Elements by Mark Colbourne
I watched my first wife die in a house fire. From the invidious vantage of my front lawn, I writhed against the regulating grips of numerous neighbours and screamed her name in deranged panic. My ambition was to rush inside and save her; convinced that I alone could have negotiated those dancing flames, that violent heat. The Emergency Services of Police, Fire and Ambulance had also been summoned, presumably by an onlooker who had managed to maintain a clear head amongst the crisis. Unfortunately, their arrival - a blur of roaring engines, spinning lights and howling sirens - greeted us just a devastating second too late. Trapped in the bedroom, my wife - I'm reliably informed – would have been rendered unconscious by the toxicity of smoke and fume long before the fire itself had even reached her. The following enquiry lawfully ruled, with little deliberation, that this had been a terrible tragedy. With a bang of gavel and shuffle of papers, the case was accordingly closed.
Fire is such a vociferous creature. So hungry; so insatiable. That's the impression that remains with me to this day; the horrific image scorched inexorably on my retina. The greed with which it chomped up the stairs and tore through the rooms held an appalling fascination. The flames devoured furniture and demolished walls. They consumed fixtures and fittings. They swallowed whole the skirting boards and carpets, the mantelpiece and curtains, the nick-nacks and the what-nots and those bits and pieces that we had amassed during our lives together. As my neighbours crudely but kindly held me in check, I could not help but marvel at the sight with which I was presented.

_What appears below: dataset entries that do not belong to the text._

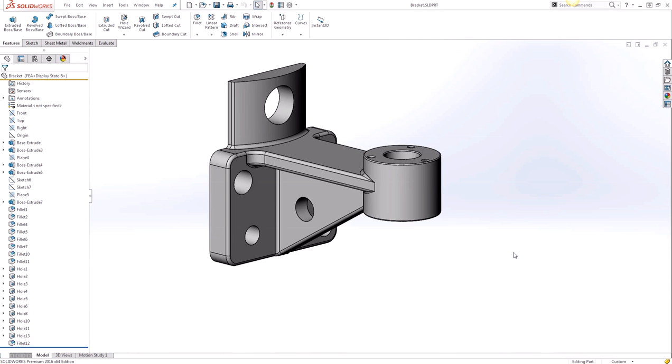So the Power Select utility allows you to bulk select entities in a part that meet certain criteria that you define. If you've ever had to manually select a group of faces, edges, or features, or any combination of those entities before,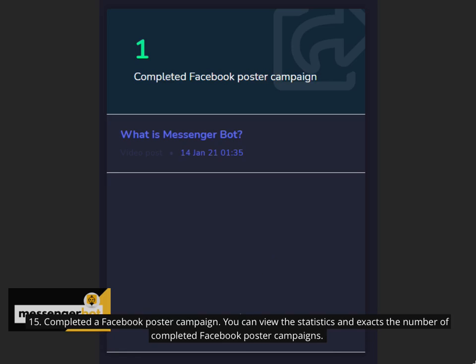15. Completed Facebook poster campaign. You can view the statistics and exact number of completed Facebook poster campaigns.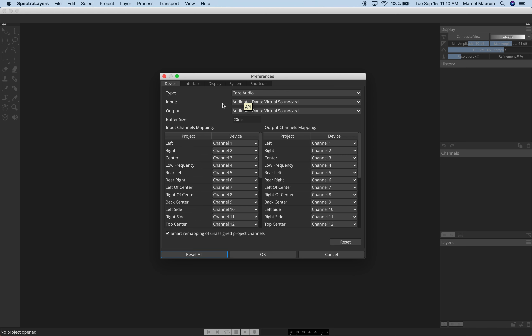You have an adjustable Buffer Size in here. On the left, you have your Input Channel Mapping and Output Channel Mapping, with a Smart Remapping of Inside Project Channels, which will remember — depending on the selected soundcard — which Input-Output Channel Mapping you had last.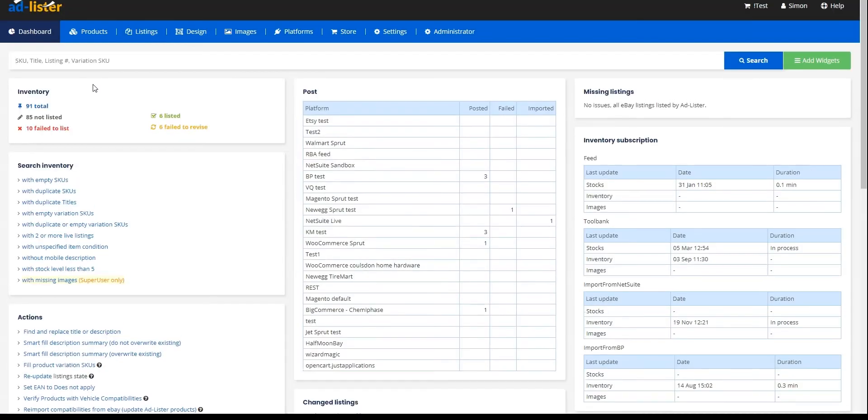And we will receive a message that authorization has been successfully completed. That's it, just a few easy steps and the token is renewed.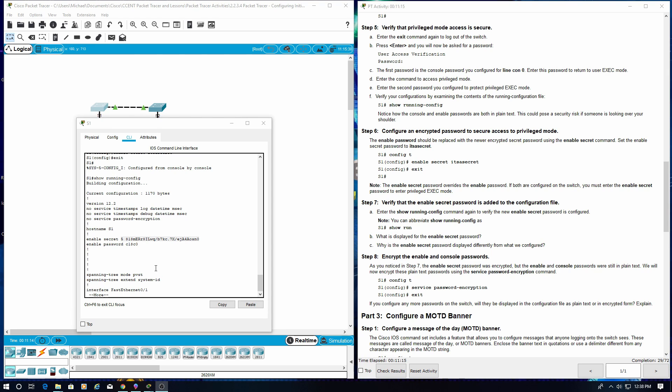Step 8: Encrypt the enable and console passwords. As you noticed in Step 7, the enable secret password was encrypted, but the enable and console passwords were still in plain text. We will now encrypt these plain text passwords using the 'service password-encryption' command.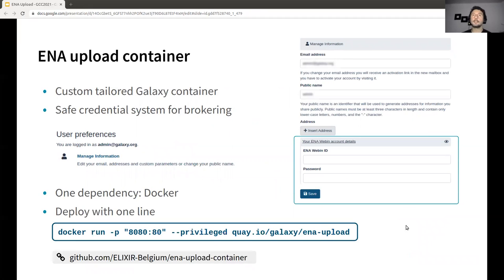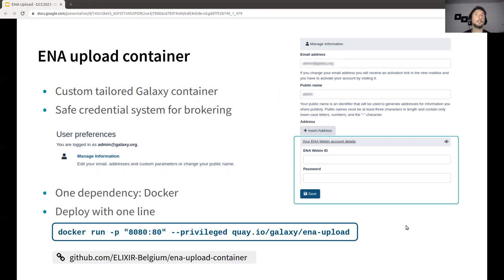The second option is a small ENA upload container we created, which contains not just this tool but also all the pre-processing tools that might be needed before submission. You just download the container and it will run the Galaxy instance locally. You can access the tool and fill in the ENA credentials in the user preferences. In this case, you only need one dependency, which is Docker, and you can run it locally.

A spectrum of red through orange to yellow which swept across the house that my wife and I had previously called our home. As I looked up, I’m convinced that I saw an arm at the bedroom window: a tepid limb raised wretchedly at the glass… I'm assured that my eyes must have been deceiving me. The panic and the smoke and the distress all colluding to provoke some manner of terrible optical illusion. But, to this day, I've never been completely convinced. No, I've never been convinced at all.
There is a quality of complete destruction which one associates with fire; a sense of utter finality. Nothing returns from the ash which remains. As the embers fade, an end is defined. There is no mystery with regard to the consequences of a fire, whereas mystery surrounded the death of my second wife in spades.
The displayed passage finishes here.